Malice and Randomness
The main point of yesterday’s post was that any simple view of a complex system can be interpreted in several ways. Is work piling up? That’s good to know (quick, do you have a plot of how much your backlog has grown over the last year?), but figuring out why requires usually close investigation.
Here’s another example. Suppose you’re keeping track of the development and testing backlog over time, and you get a graph like this:
Your first question is going to be, “What changed around t=3000 that made the development backlog get five times larger?” Your second will be, “And what changed around t=5000 to bring it back down again?” You might even ask what happened between t=1000 and t=3000 to cause a smaller spike; was that an early warning that you missed? Or did the same thing go wrong at t=1000 and t=3000, but for some reason it was caught and fixed earlier the first time?
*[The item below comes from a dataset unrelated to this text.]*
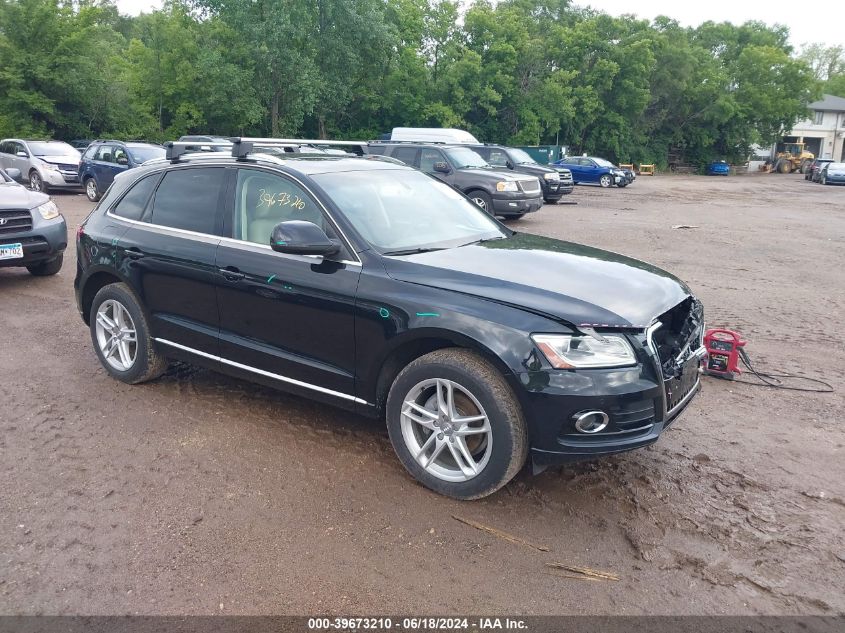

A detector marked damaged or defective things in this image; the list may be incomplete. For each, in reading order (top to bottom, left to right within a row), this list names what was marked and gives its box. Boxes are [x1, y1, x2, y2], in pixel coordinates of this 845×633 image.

Hanlon’s Razor states, “Never attribute to malice that which is adequately explained by stupidity.” The statistical equivalent is, “Never attribute to human action that which is adequately explained by random variation.” The truth is that nothing remarkable happened to cause the two humps shown in the plot above. They are just random variations in a random system. We can see more of this if we run the simulation for 10,000 timesteps instead of 1000:
It looks like the development backlog is slowly increasing, and that the testing backlog is following that increase with a bit of a lag, but how confident are you of this? If we run the simulation even longer, would you be surprised if the backlogs decreased again?
The data we collect and the dashboards we build can help us identify things that might need to be explained, but we have to interpret them in order to create those explanations. As Elisabeth Hendrickson and Joel Tosi point out in their upcoming book Signals & Levers, something as simple as a Shewhart chart can help you distinguish normal variation from things you might need to worry about.